The erection of an open air theatre surrounded by lawns and garden was an excellent feature of the school in 1953. Pavement slabs were laid as paths round seats and tables. This delightful facility was enjoyed until 1978 when it fell into disrepair and was removed. The white ants had struck again.
1954 was to be a high point in the school’s academic and physical education. In this year fourteen children won scholarships, the choir was chosen to take part in the Secondary Schools Music Festival, the football team won the District Premiership, the girls won the basketball, the girls physical training was rated excellent: together with a fine record of Junior Red Cross activities, Gould League membership and collection for the Silver Chain. Parents also showed their appreciation by voluntarily contributing over 200 pounds towards school funds. An interesting feature was the adoption of the Wittenoom Gorge school for the purpose of social educational projects. The senior girls also began using a new Singer sewing machine valued at 40 pounds.
A Memorial library was instituted in 1957 and the West Leederville-Wembley-Floreat Park- Subiaco Branch of the RSL began donating books in memory of deceased ex-servicemen. Prior to this classes had to rely solely on their own individual libraries which were often funded by holding tuckshops organised by the teacher.
Remembering the days…
New school policies were formulated in 1971 to meet the needs of a school population affected by:
- A recent but significant increase in the number of migrant children, which represented 21 different nationalities by 1973.

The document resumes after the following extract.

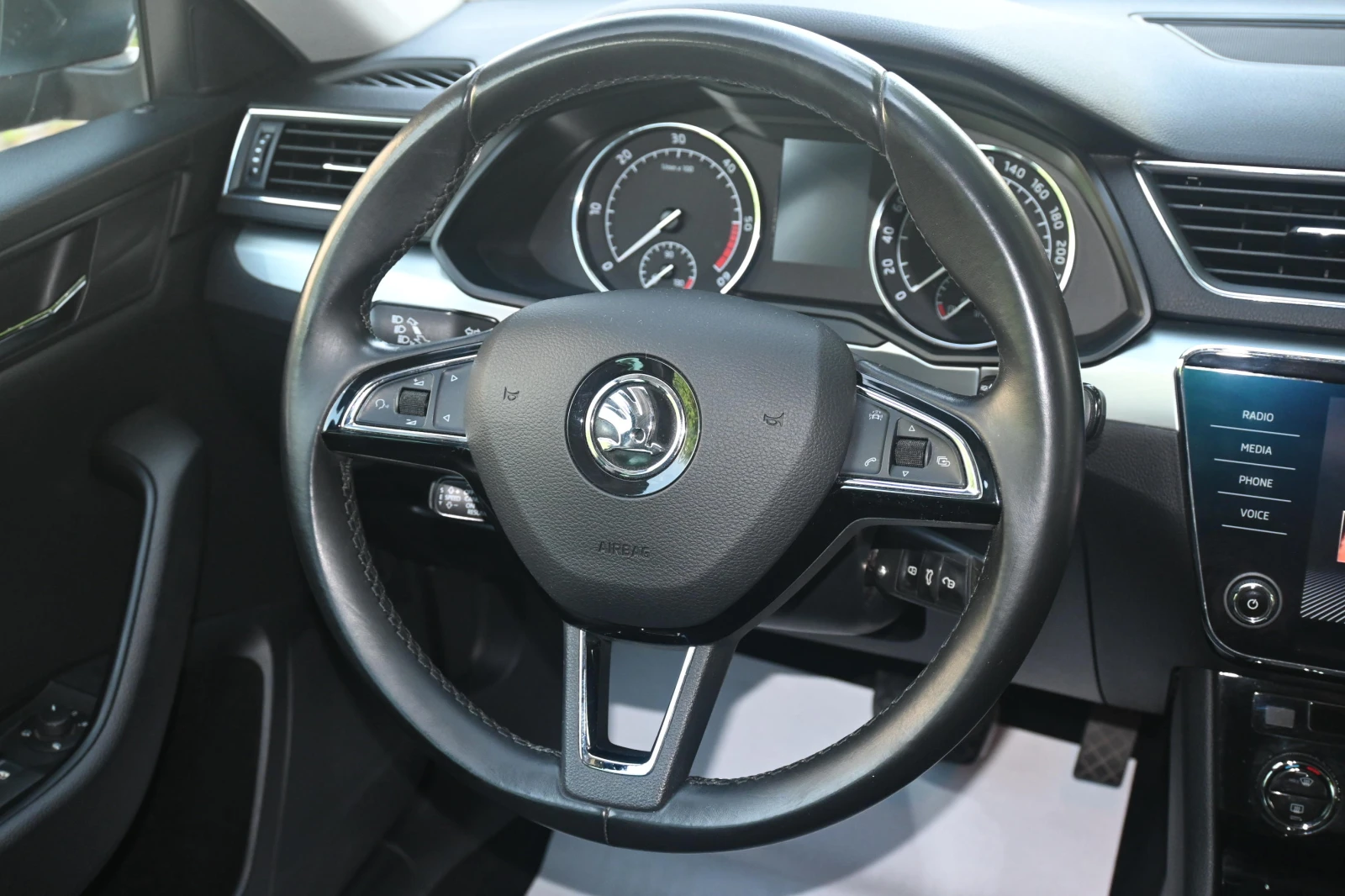 Skoda Superb КАТО НОВ, снимка 13 - Автомобили и джипове - 54998922
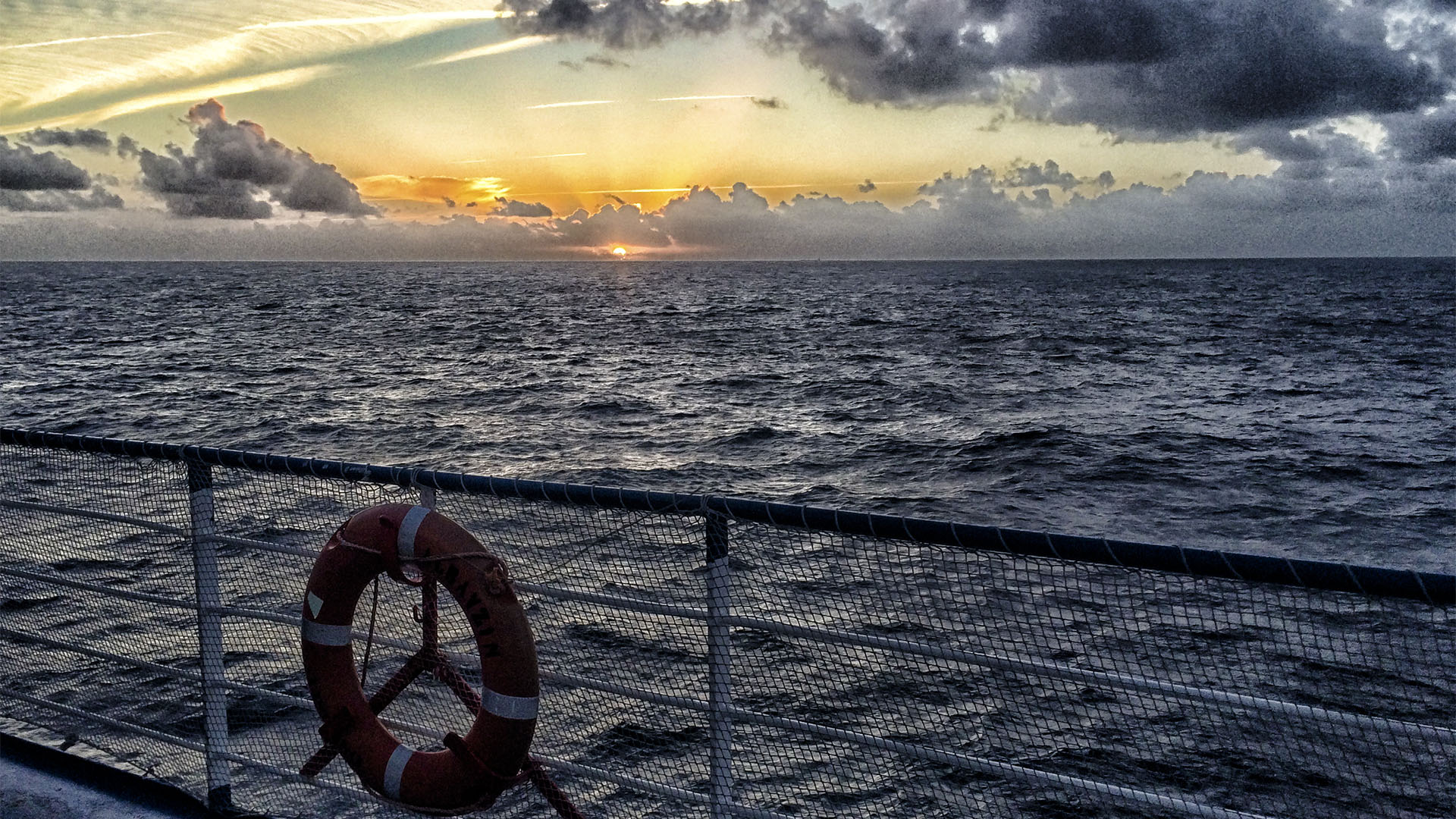 Auslaufen Cádiz – es geht in den Sonnenuntergang Richtung Süd-West.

- Widely differing socio-economic backgrounds from the more favoured localities in the Lake Monger and Wembley areas, to large families housed in small, old timber-type homes with little or no playing space.
- A floating population from the recently constructed high-rise flats along the arterial roads.
“When my three children started at West Leederville in 1971, there were about 250 children enrolled. I can remember a Christmas Pageant when the children had to come in national costume and there were twenty-seven different nationalities represented. The school grounds were quite different too. Outside the Headmaster’s office where you now have lawn, it was all tarmac.”
A new tradition begins
The old school bell made by Metters was situated in the sand area directly in line with the hall door. Due to the constant onslaught of white ants and weather it was brought inside and installed in a place of honour in the hall in 1978. A new tradition began for the Year 7 (now Year 6) students. At the end of their graduation ceremony they now file past and each in turn is given the opportunity to pull the bell rope. This is now the only occasion on which the bell is rung.
The first school tuck shop opened in 1971 under Mrs Uhe and still functions as a canteen today.